Clarity. This is the central theme that becomes immediately apparent on Parallax, the third Atlas Sound long-player. Here, Bradford Cox’s distinctive echoed voice is cleaner, more familiar, like he’s hovering right above you. There’s a lot of space between his vocal melodies and the rest of the clamor. It’s a natural phenomenon/progression: artists attempting to move closer to their audience with each subsequent release, shedding the noise, the expectations and the distractions, in an attempt to convey an emotional presence that is honest and real, lyrically, rather than assuming fans will take the time to do the investigating. It’s a hit-or-miss prospect — so many bands screw it up — but not with Atlas Sound, and definitely not on Parallax.
“The Shakes” and “Amplifiers” invite us inside, sounding like tunes from the Deerhunter bullpen with their own beaming guitar progressions and catchy melodies. By the time Cox finishes his first verse on “Te Amo” the link between Atlas Sound and his role in Deerhunter fades, and you have a pretty good idea where this album is going. “Modern Aquatic Nightsongs” overlaps warped, modulated guitars with two completely different sets of vocal tracks. At one point you get the feeling that it’s a bit too much, but I think what Cox is really doing is messing around with the conventions of layering and texture, traditionally done with guitars and sampling techniques, both of which he does very, very well.

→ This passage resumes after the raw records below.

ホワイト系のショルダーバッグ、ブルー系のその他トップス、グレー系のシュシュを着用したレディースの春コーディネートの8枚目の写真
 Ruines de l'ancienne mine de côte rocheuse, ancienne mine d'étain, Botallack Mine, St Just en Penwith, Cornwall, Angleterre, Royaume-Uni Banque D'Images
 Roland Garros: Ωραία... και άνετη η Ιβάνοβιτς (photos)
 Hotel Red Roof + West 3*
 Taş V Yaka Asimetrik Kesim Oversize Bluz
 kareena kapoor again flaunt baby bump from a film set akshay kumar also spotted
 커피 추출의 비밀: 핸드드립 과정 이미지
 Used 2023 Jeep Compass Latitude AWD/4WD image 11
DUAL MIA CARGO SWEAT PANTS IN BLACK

The record continues to get even better as it progresses. “Mona Lisa” is a gorgeous slice of George Harrison pop. Brittle, shiny acoustic guitars and playful piano lines dance. It’s the song I wish Spoon would’ve written like five years ago. “Doldrums” is a return to Bradford’s atmospheric obsessions — tinkering with guitar effects and processors so they sound more like happy accidents than handmade electronics. “My Angel is Broken” comes across like a sluttier version of “Mona Lisa.” There’s a sharp attitude expressed from the Richie Valens guitar riff to Bradford’s Las Vegas lounge croon, “The older you get you’ll see, you’ll be a lot like…me.” The song is kind of maudlin, actually, but musically it’s so perfect that you probably won’t notice.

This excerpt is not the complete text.